The Employment Agreement provides that Mr. Shulman will receive certain payments and benefits in the event of a termination of his employment under specific circumstances.  If Mr. Shulman’s employment is terminated by the Company other than for cause (not including a termination of employment due to death or disability) or he resigns for good reason, then he would be entitled to (1) a severance payment equal to $2,633,333, payable in equal installments over a twenty-four (24) month period in accordance with the Company’s payroll (or, if such termination occurs within the 24-month period following a change in control, a single lump sum); (2) any earned but unpaid annual bonus for the calendar year immediately preceding the termination; (3) an amount equal to two-thirds (2/3) of the average annual bonus earned in respect of the three (3) years completed prior to the year of termination (or, if Mr. Shulman has been employed for less than three years as of such termination, the number of years completed prior to the year of termination; provided, however that if the year of termination is 2018 or 2019, the amount shall be equal to two-thirds of the target amount of his annual bonus), pro-rated based on the number of days in which Mr. Shulman was employed during such year paid at the same time such bonuses are normally paid in accordance with the normal practices of the Company with regard to paying bonuses to similarly situated executives subject to certain adjustments; and (4) a lump sum payment equal to twelve (12) months of COBRA.

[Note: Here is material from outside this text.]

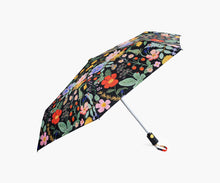 Load image into Gallery viewer, Umbrella - Strawberry Fields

Pursuant to the Employment Agreement, Mr. Shulman is bound by certain restrictive covenants including confidentiality, non-disparagement, work product and during the term of his employment and for a period of two years thereafter, non-solicitation of employees, consultants and customers, and non-competition.  The Company is bound by a non-disparagement covenant.

The foregoing descriptions are qualified in their entirety by the Employment Agreement, which is attached hereto as Exhibit 10.1 and is incorporated by reference into this Item 5.02.

There are no family relationships between Mr. Shulman and any director or executive officer of the Company, and no transactions involving Mr. Shulman that would require disclosure under Item 404(a) of Regulation S-K, other than as described herein.

Item 7.01.
Regulation FD Disclosure.

On July 13, 2018, the Company announced the executive changes summarized above by a press release, which is attached hereto as Exhibit 99.1 and is incorporated by reference into this Item 7.01.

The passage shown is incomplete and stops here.